Sunday, November 19, 2017

Links & Reviews

Another Boston Book Fair in the books (my thirteenth, I realized). Still—and I suspect, always—my favorite fair. Chilly this year, but that didn't stop people from coming out for the main fair or the very busy shadow show. There wasn't time enough to pack in everything I wanted to do in Boston this trip ... I'll just have to go back soon!

- Princeton has acquired a 1483 Horace which happened to contain as binding waste a leaf from a previously unknown ~1457 edition of Donatus' Ars minor (printed with the same type used for the Gutenberg Bible).

- Ian Jackson, Nick Aretakis, and Ben Kinmont have issued a very nice biography of bookseller Bernard Rosenthal.

- Molly Hardy has a really useful update on various projects linking printing trade prosopographies.

- UVA Today highlights some recent work on the SNAC Cooperative (Social Networks and Archival Context).

- Mike Widener's new exhibition at the Yale Law School's Lillian Goldman Law Library, "Around the World with Law's Picture Books," is featured in the New Haven Independent.

- Nora Benedict is featured in the FB&C "Bright Young Collectors" series.

- The BL has launched a new crowdsourced transcription project for its historical playbills collection.

- A quiz about books? You bet! I hadn't heard of Nemo's Almanac before, but editor Ian Patterson's piece in the Guardian had me intrigued right away. Anybody collecting these?

- An annotated copy of Ben Jonson's Workes has been placed under a UK export ban until at least February, to see if a domestic buyer can be found.

- Daniel Witek, a one-time volunteer at the Buffalo History Museum, has been sentenced to six months time served and a $2,100 restitution payment for the theft of documents from the museum, which he then attempted to sell.

- Michael Greshko writes for National Geographic about the possibility of biblical forgeries lurking in the collections of the new Museum of the Bible.

- At Clements Library Chronicles, an attempt to locate some Revolutionary War trunks used to transport the Thomas Gage papers.

- Elizabeth Savage posts on the Leiden Special Collections blog about a frisket sheet fragment recently found during conservation at Leiden University.

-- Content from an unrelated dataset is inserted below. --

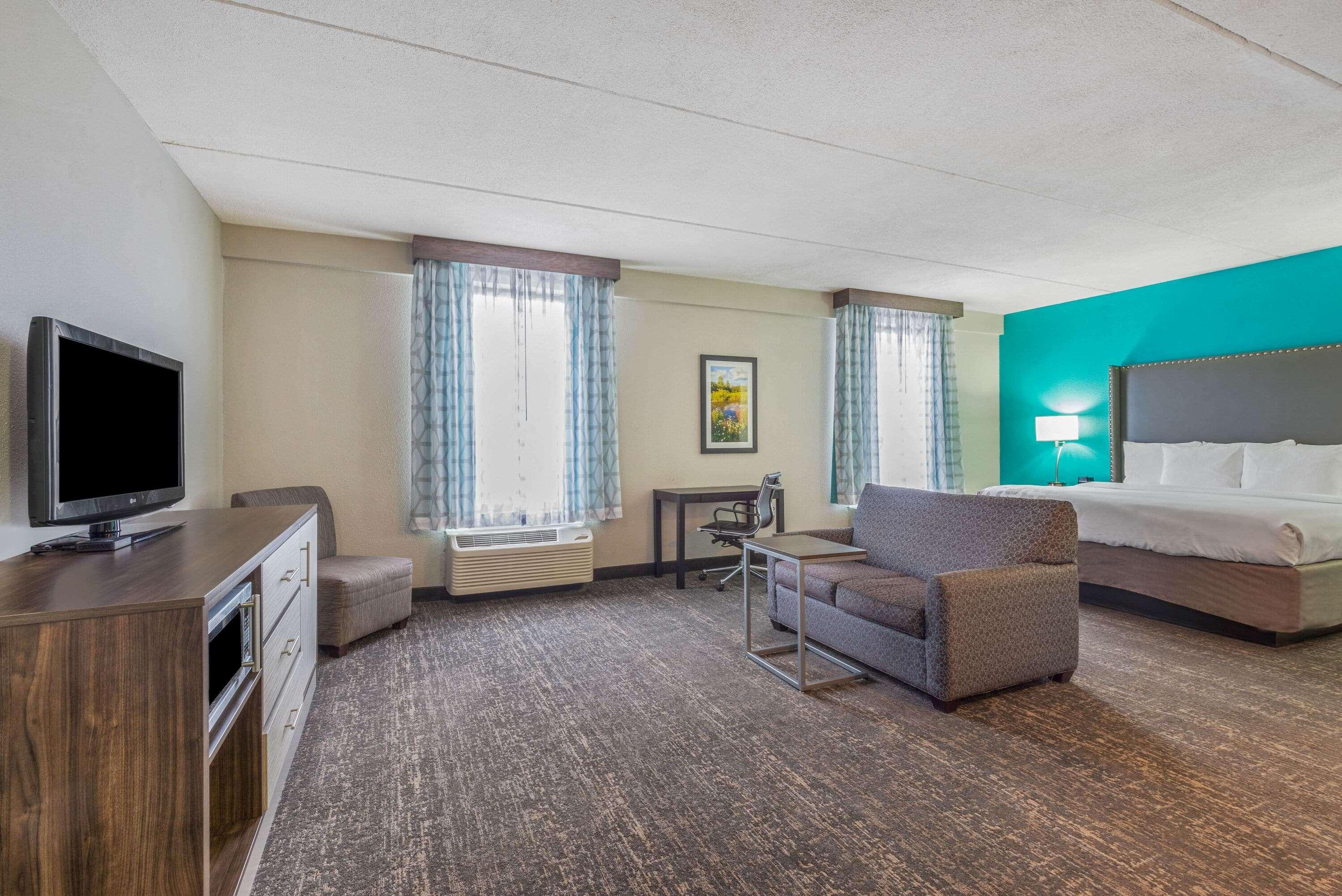 La Quinta By Wyndham Jamestown Exterior photo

- Houghton Library undergraduate fellow Mario Menendez talks about his work on a fictional biography of William Henry Ireland.

- A series of what could be 300 auctions to sell the Aristophil collection will begin on 20 December at Drouot.

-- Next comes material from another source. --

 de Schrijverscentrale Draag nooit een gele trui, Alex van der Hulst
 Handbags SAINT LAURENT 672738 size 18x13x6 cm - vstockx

- Another great APHA panel review by Paul Gough on "Illustrating Typography and Typos," which featured papers by Lynne Farrington, Vince Golden, and Michael Russem.

- The Princeton Graphic Arts Collection recently acquired a great piece by two 18th-century woman printmakers, Isabella Piccini and Angela Baroni.

- A 1659 Blaeu map showing Australia has gone on display at the National Library of Australia.

- William & Mary's Swem Library has received by donation the Civil War diary of a Union soldier captured and held prisoner at the college.

- Ben Breen asks at Res Obscura, "What Did 17th-Century Food Taste Like?"

- At Echoes from the Vault, the first in a series on "Visualising the Biographical Register of the University of St. Andrews."

- AAS student page Emily Isakson gives a brief overview of forgery-related material in the AAS collections.

Reviews

- Martin Puchner's The Written Word, Matthew Kirschenbaum's Track Changes, and Thomas Mullaney's The Chinese Typewriter; review by Thomas Hale in the Financial Times.

- Kevin Young's Bunk; reviews by Jonathan Lethem in the NYTimes and Colin Dickey in the LATimes.

- John Crowley's Ka; reviews by Michael Dirda in the WaPo and Elizabeth Hand in the LATimes.

Upcoming Auction

- Library of M. R*** at Pierre Bergé on 22 November.